While the GPS will still measure distance in straight lines, the more way points the better the actual distance measurements.

Hope some of you GPS experts will jump in here.

I understand after running a river some GPS units save a track of the actual trip. I do not know how or if this track can be converted to waypoints, maybe someone out there can explain this.


----------



## Randaddy (Jun 8, 2007)

I use the cheapest black and white option that has an odometer and calculates speed. It also shows a simple black line for your path. You can find them on eBay for $50. This, in a clear Pelican, on top of my map, which is also in a rigged waterproof case, is everything you need and more in my opinion. I recommend a unit that takes AA batteries too.

You're bringing a guidebook or map anyway.


----------



## verendus (Nov 4, 2012)

I use Garmin Oregon 450 and it has been invaluable tool for camping, fishing, exploring. The unit is waterproof and built like a tank. You can pick these up from REI once or twice a year for around $250.


----------



## RutRow (Apr 21, 2011)

*gramin 76cs and montana*

Owned both, the 76 have used for 5 years very water proof and durable unit. the Montana is has a larger screen only used for this year.

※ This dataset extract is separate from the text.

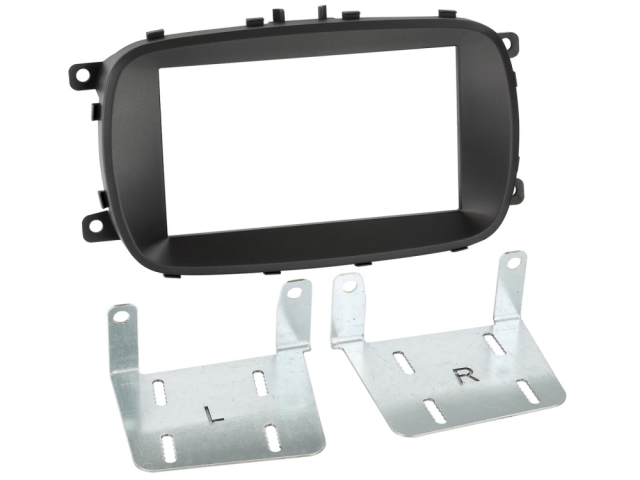 2DIN Radioramme Fiat 500X, sort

Finding campspots on the river it is great use. Not always easy to identify the camps from guide books. The major runs have many waypoints for camps, rapids and places of intrest. Biggest thing dont get too dependent on the GPS if it was to get lost or breakdown (its really easy to rely on it to much),


----------



## salmonjammer (Dec 14, 2011)

*eTrex*

I have a garmin eTrex. I have the Washington/Oregon map on mini SD and the Idaho/Montana/Wyoming on another. They are Great. It not only shows exactly where you are, it names all creeks, most rapids. With a little work you can pre-program in camp sites, by looking them up in advance on USGS web site, getting coordinates, and adding them in as way points. We have used it on the Middle Fork, Main and Lower Salmon. Only problem I have is it only shows one side of river on Snake, depending on which SD card I have in. Great for hunting also.


----------



## rbrain (Aug 30, 2010)

I use the Garmin 60csx. Most all newer ones though will accept GPX files wich you can download from a variety of river beta sites. I usually load the map for the multi-day area I'll be floating and then upload the gpx file to it and have all my camps, rapids, access points and POI's laid out on top of the topo maps.


----------